Major real estate developers including China Vanke Co and Longfor Properties, among others, are also stepping into the residential leasing sector with their own brands. It’s a challenge because the business requires large amounts of capital and the patience to wait for a return on investment. To some degree, that depends on property prices continuing to rise.

Port Apartment, a company opened by Vanke in 2016, had extended its footprint to 21 cities across China by the end of September. It now operates more than 20,000 apartments, the Shenzhen-based developer said in an earlier statement.

Longfor Properties, a mainland developed listed in Hong Kong, introduced its long-term rental brand Champion Apartments in 2016. As of July, it had 10 projects in seven Chinese cities, with the goal covering 16 cities and collecting rental income exceeding 2 billion yuan in 2020.

City governments have joined a national initiative to develop rental options as a damper on the overheated home-buying market. People are being encouraged to rent rather than buy homes.

In Shanghai, the municipal government announced in July that it would add some 700,000 leasing units by the end of 2020 as part of a master plan to expand new housing by 1.7 million units. It promised a better balance between homes for purchase and homes for rent.

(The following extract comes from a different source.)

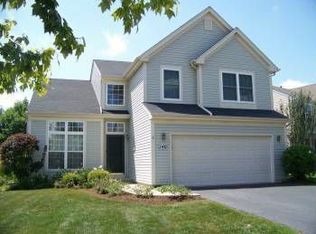 140 Augusta Dr, Streamwood, IL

To facilitate that policy, the city plans to earmark 1,700 hectares of government-owned land for development of residential rental properties.

“Between July and November, 15 plots designated for residential leasing and estimated to generate more than 18,000 rental units have been sold in the city,” said Zhang Yue, chief analyst with Shanghai Homelink Real Estate Agency Co, a leading property brokerage chain in China.

“If the local land authority maintains that pace, it might add around 200,000 new rental units to the market by 2020, with some 60,000 units being built annually over the next three years,” Zhang added.

Six such parcels are due to be released for sale soon, according to auction schedules.

Notably, all 15 plots already sold were acquired by state-owned developers, including nine by Shanghai Land (Group) Co and four by Shanghai Zhangjiang High-Tech Park Development Co.

“Only one ‘qualified bidder’ was allowed to participate in each of those auctions due to the high threshold set by the land watchdog,” said an industry analyst who preferred to remain unidentified. “That reflected the government’s determination to accelerate the development of the residential leasing market. But on the other hand, more players should be allowed to join the competition if a healthy market is to be created.”